Work to be completed> Transcribe exactly the lines from the first line of the records through the line containing "VEVOR Home Charger", and leave out every picture.

━━ Provided information ━━

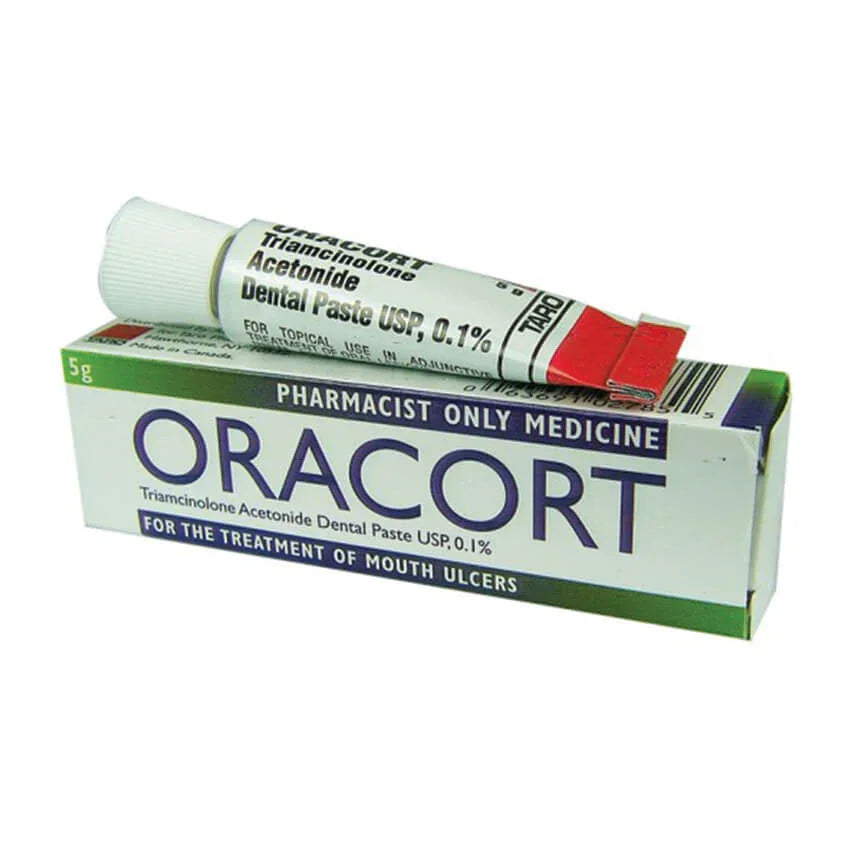 Oracort 0.1% dental paste 5g tube and box for mouth ulcer treatment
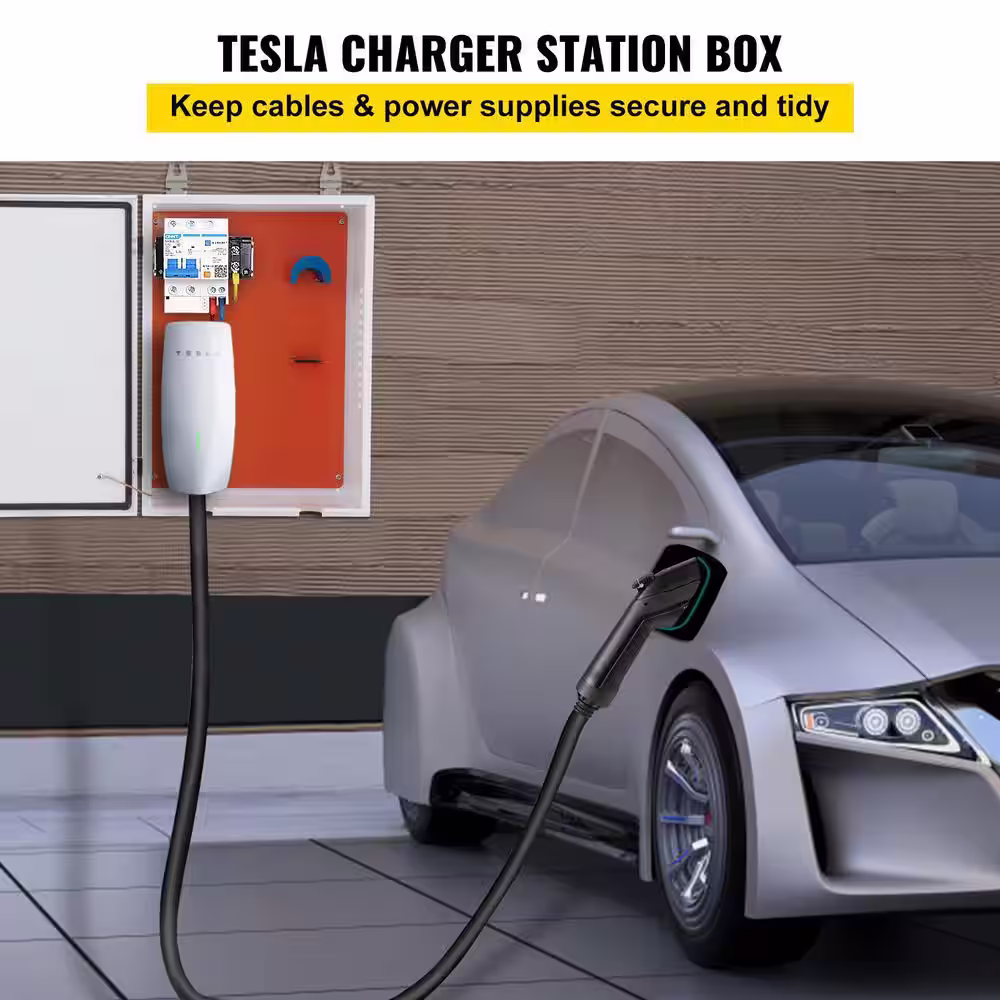 VEVOR Home Charger Box 28 in. L x 20 in. W x 10 in. H Outdoor Cable Box IP32 Waterproof with Reinforced Lock Hinge for Tesla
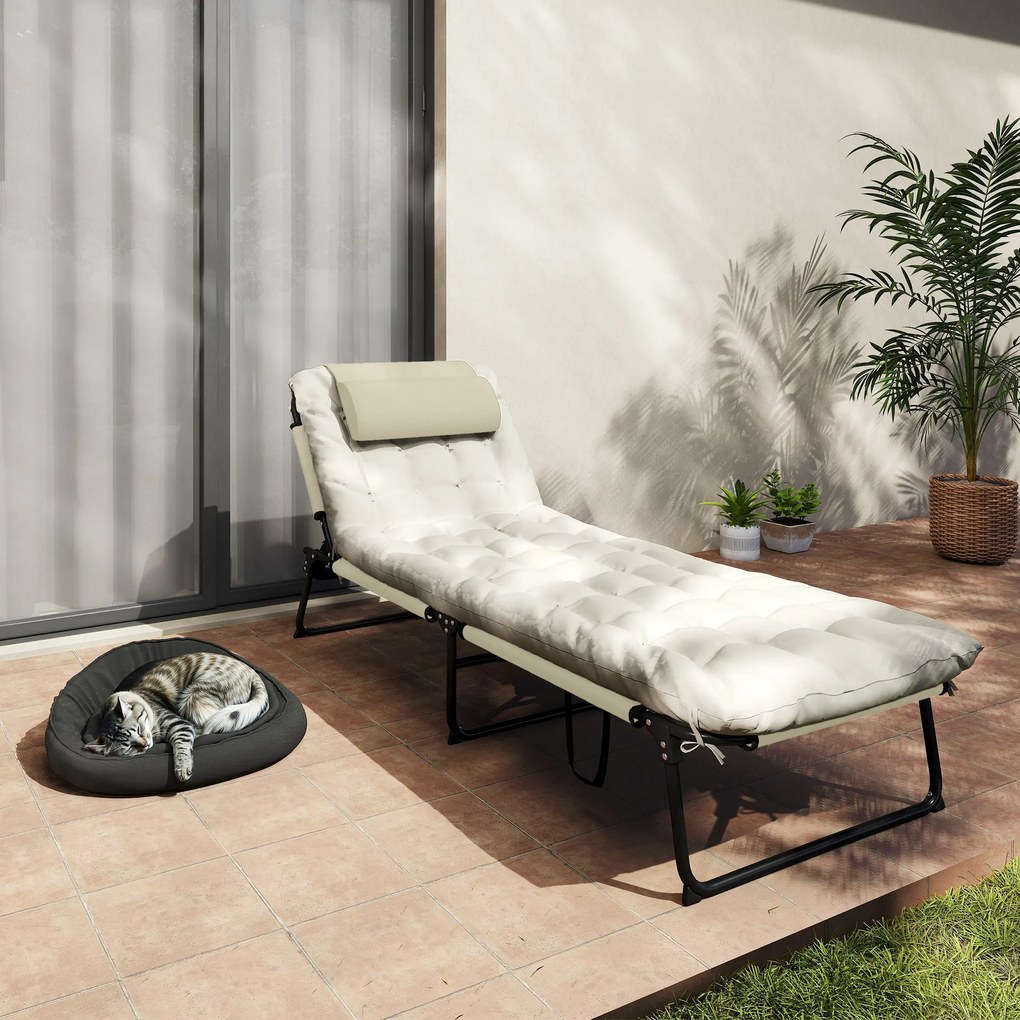 Outsunny Składany Leżak z 4-stopniową Regulacją Oparcia, Poduszką, Boczną Kieszenią, Zagłówkiem, 68 x 189 x 30 cm, Beżowy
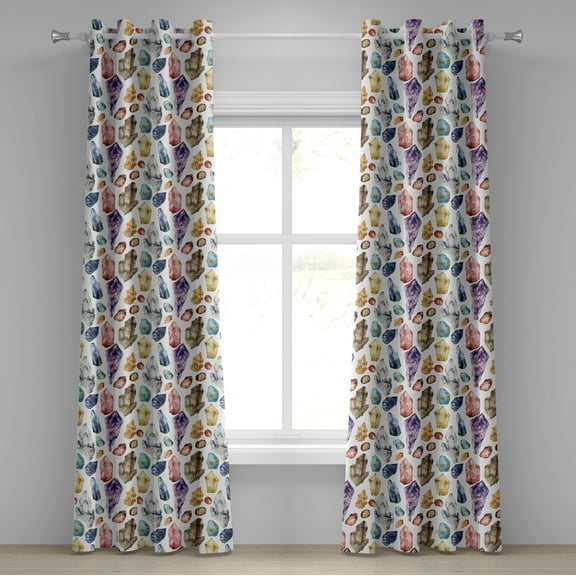 Ambesonne Gemstone Print Grommet Curtain, Colorful Hippie Boho, 50"x120", White and Multicolor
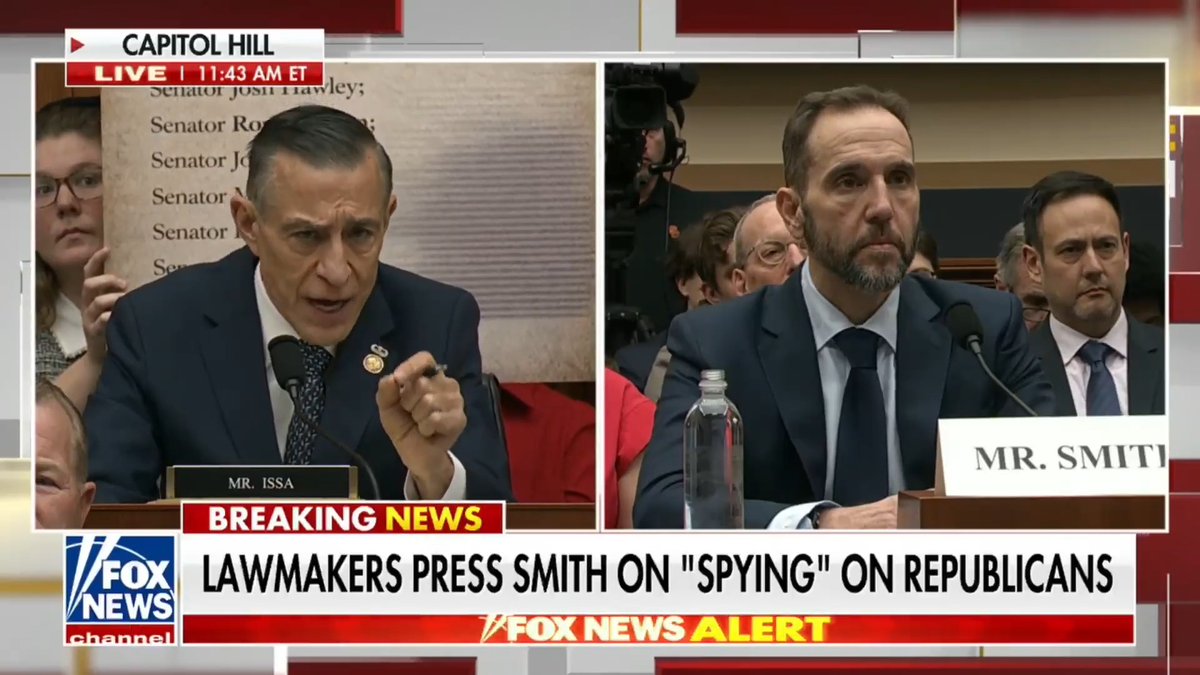 🚨🚨🚨 BOMBSHELL: SPYING ON REPUBLICANS Joe Biden-appointed “Special Counsel” Jack Smith WITHHELD information from a judge — refusing to disclose that he was going to SPY on the REPUBLICAN Speaker of the House. Rep. Darrell Issa exposed it. Democrats tried to shut him down. “We have an ADMISSION! How many times are you gonna interrupt me?!”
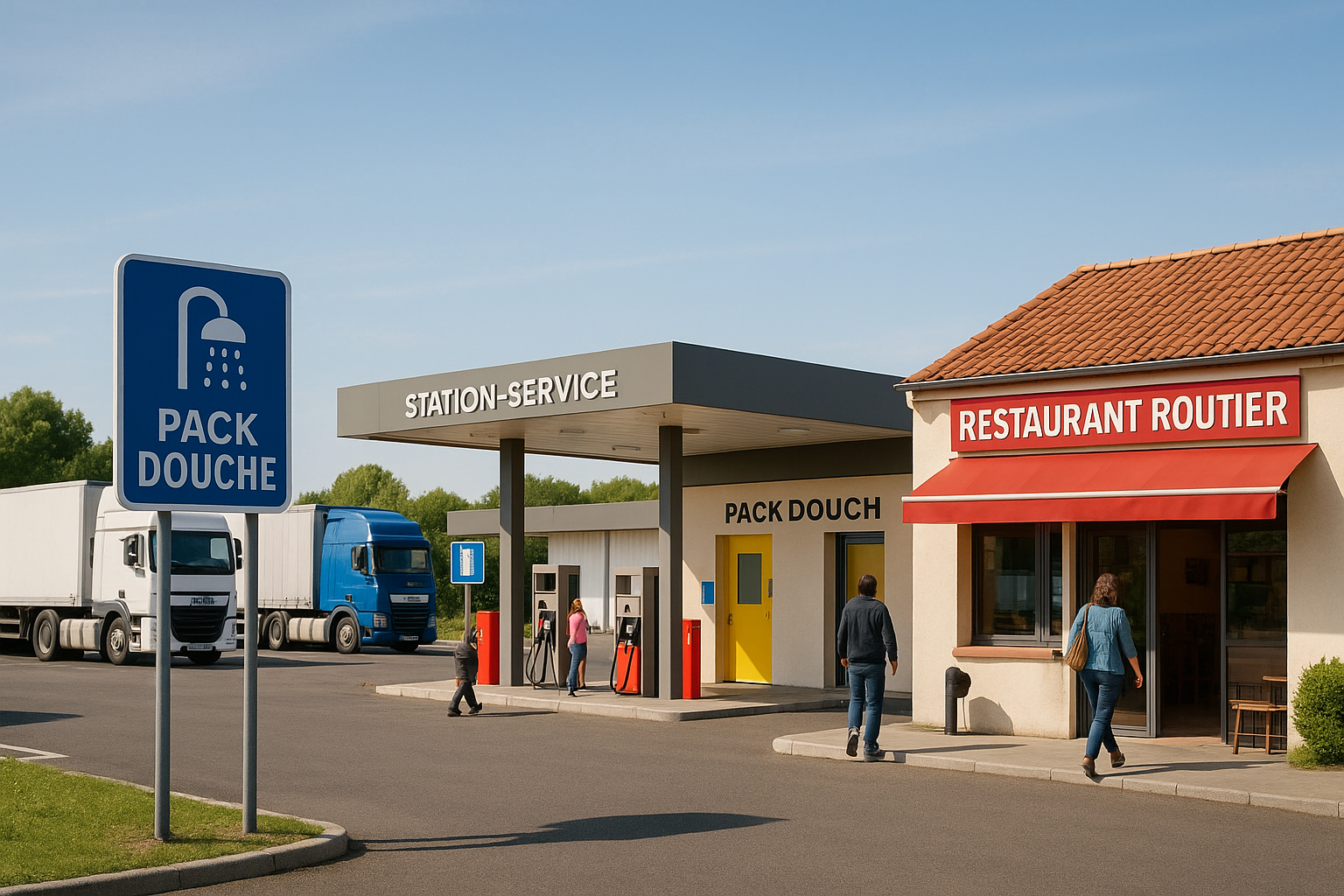 pack douche, douche sur la route, station service, restaurant routier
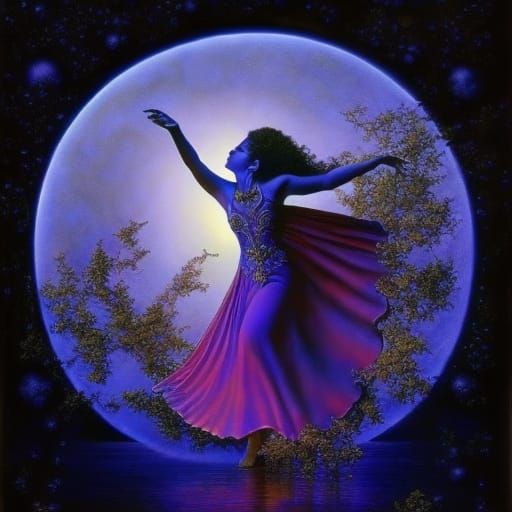 Josephine Wall dancing in the moonlight 3ds Max Zdzisław Beksiński by Greg Rutkowski 64 megapixels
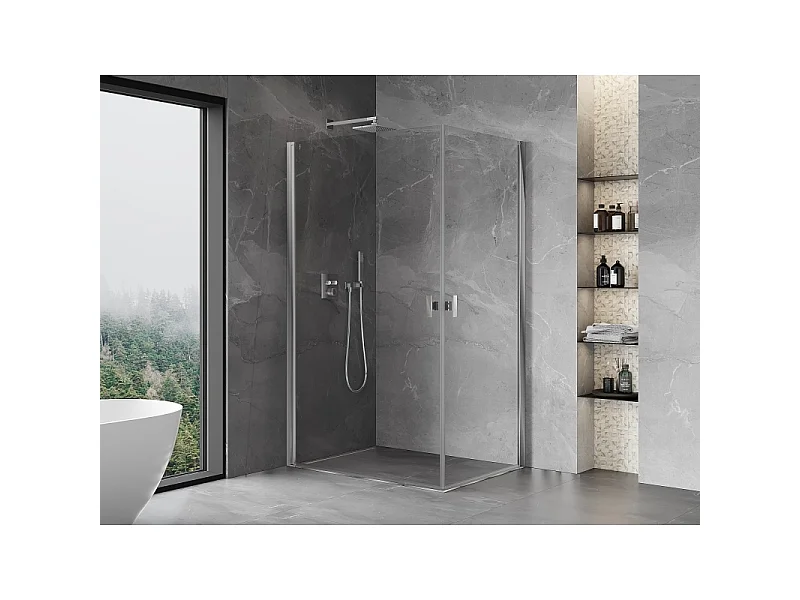 Mexen Mist-B Duo douchecabine scharnierend 90 x 85 cm, transparant, chroom - 8A2-090-085-01-00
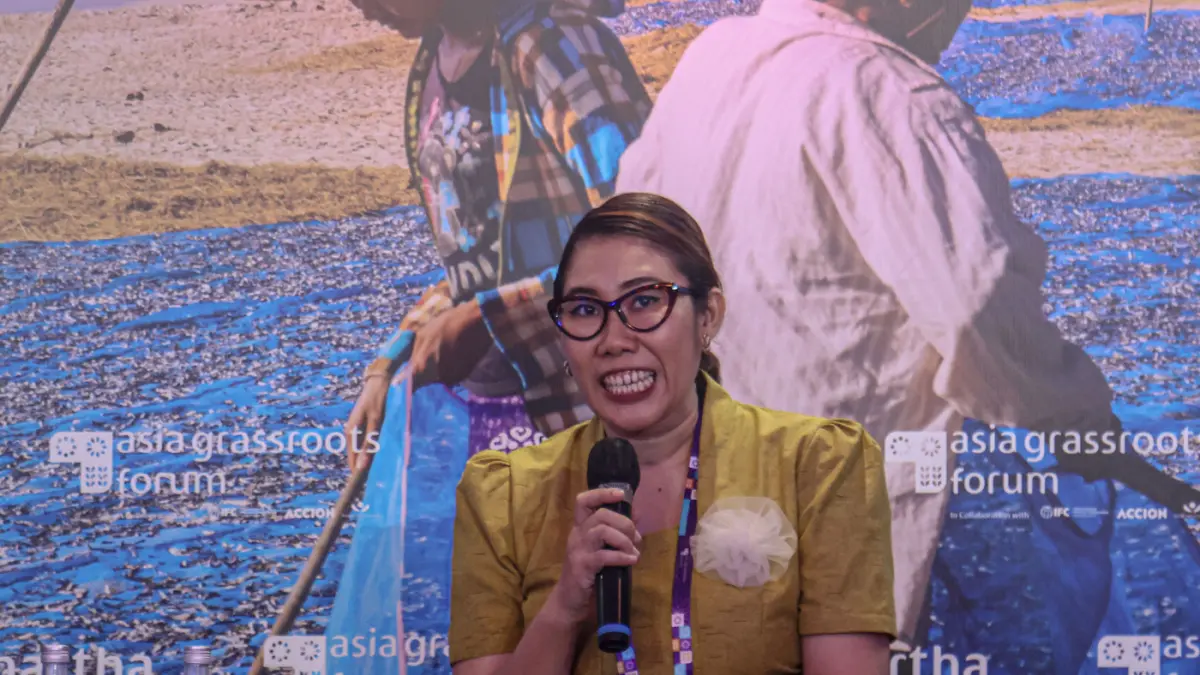 Pemilik Kebaya Mbok Dhe Gusti Ian menyampaikan sambutannya press conference di acara The 2026 Asia Grassroots Forum di Jakarta, Kamis (04/06/2026). (Hanung Hambara/Jawa Pos)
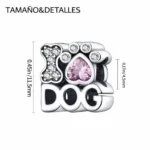 Charm plateado i am dog con circones detalles Charm plateado i am dog con circones detalles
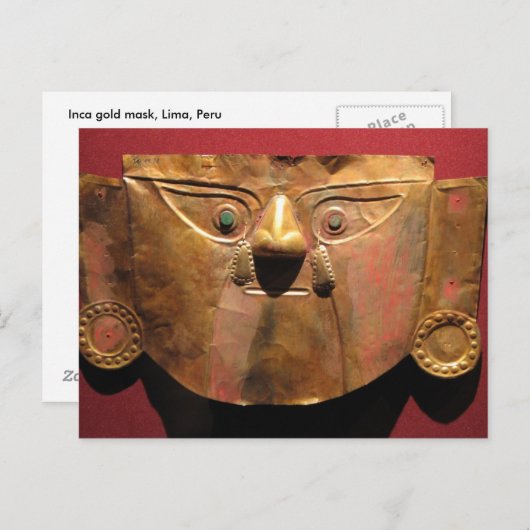 Carte Postale Masque en or inca, Lima, Pérou (Devant / Derrière)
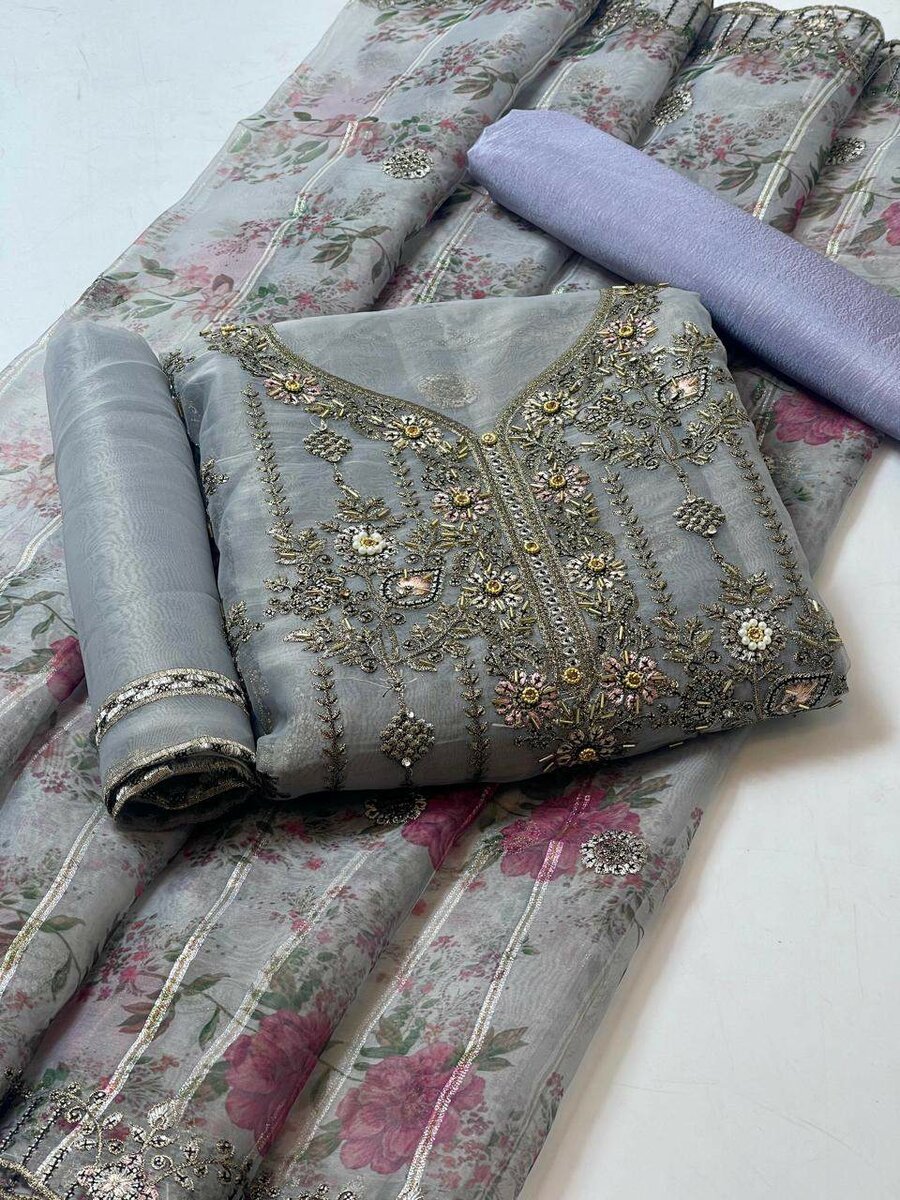 Organza party wear 3 pc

━━━

Result of this task>
 Oracort 0.1% dental paste 5g tube and box for mouth ulcer treatment
 VEVOR Home Charger Box 28 in. L x 20 in. W x 10 in. H Outdoor Cable Box IP32 Waterproof with Reinforced Lock Hinge for Tesla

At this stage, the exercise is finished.